**EXERCISE BRIEF**:
Only the lines below from the one that holds "dijual rumah kemang timur" through the one that holds "BE BLUE - KAHVERENGİ" should appear in the answer, copied exactly, end lines included and pictures omitted.

**RECORDED DATA**:
_ _ _ _

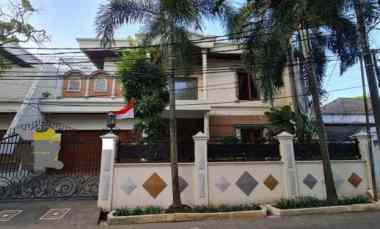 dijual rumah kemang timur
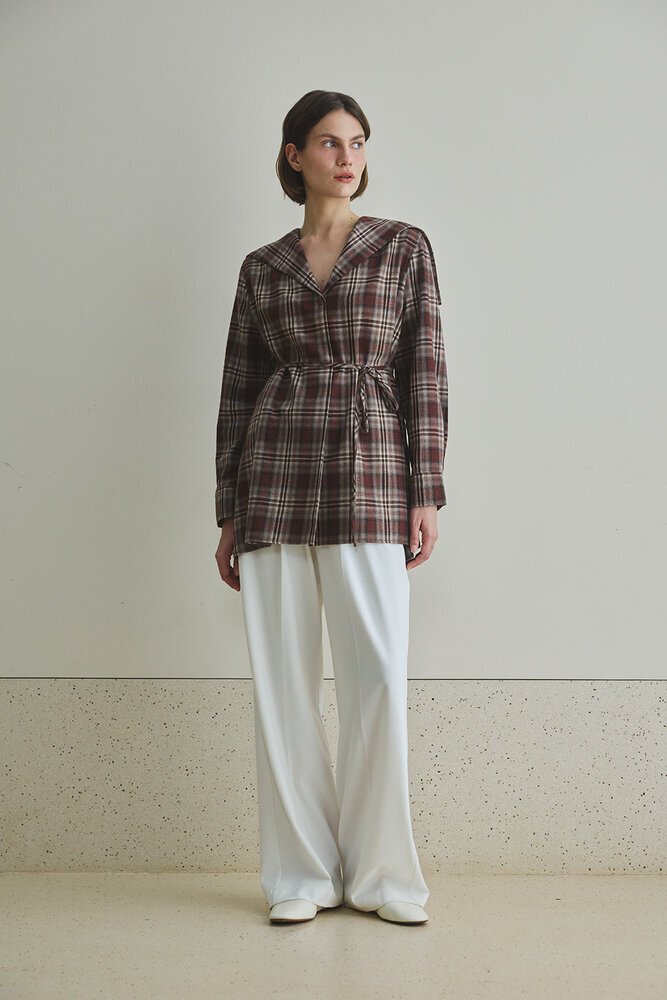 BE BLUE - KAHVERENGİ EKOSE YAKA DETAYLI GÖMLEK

_ _ _ _

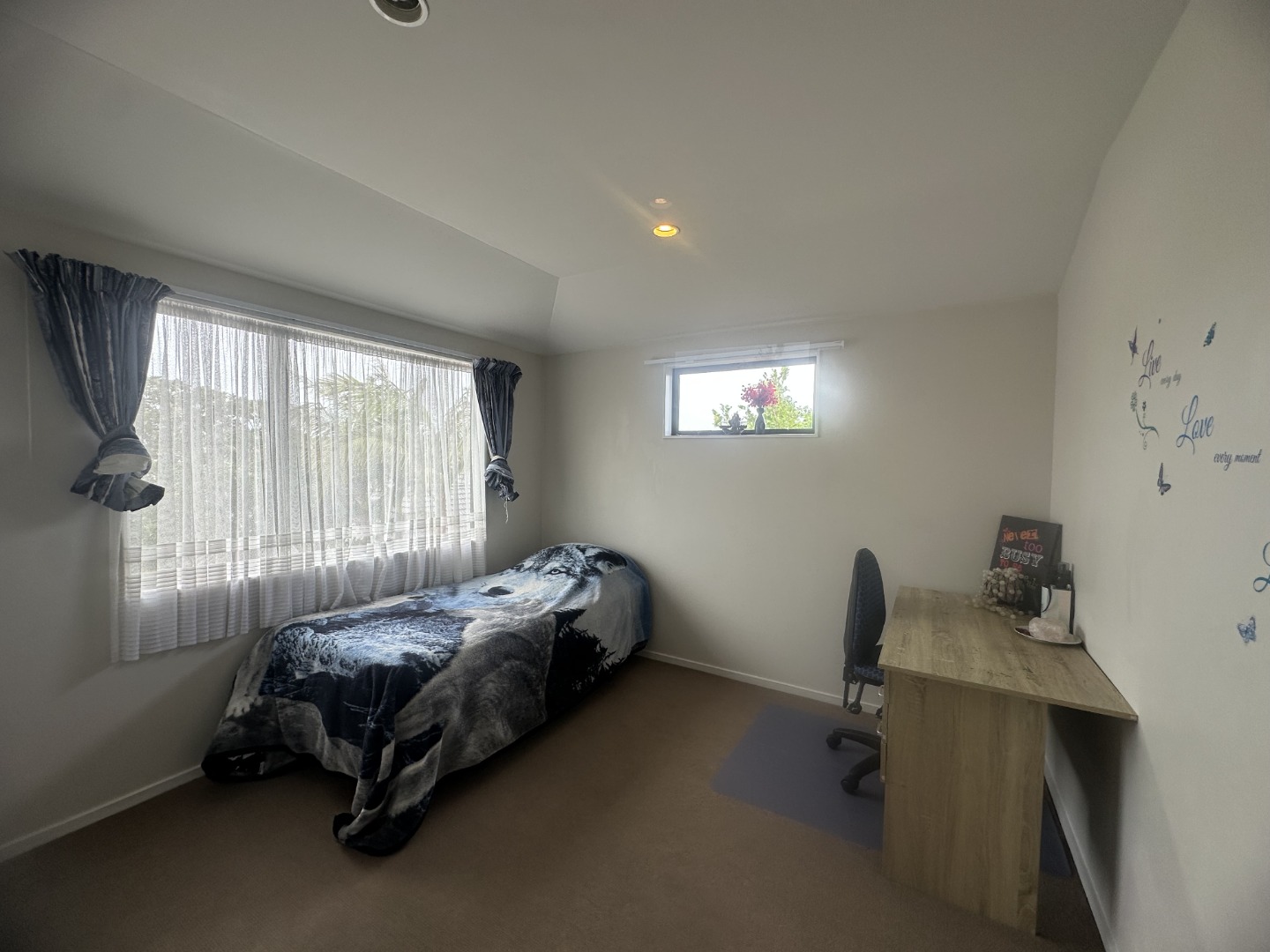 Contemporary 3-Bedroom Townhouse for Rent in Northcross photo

_ _ _ _

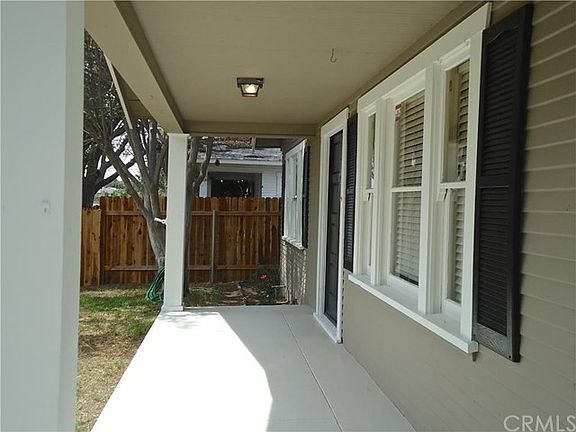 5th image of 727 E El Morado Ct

_ _ _ _

**FINISHED EXERCISE**:
 dijual rumah kemang timur
 BE BLUE - KAHVERENGİ EKOSE YAKA DETAYLI GÖMLEK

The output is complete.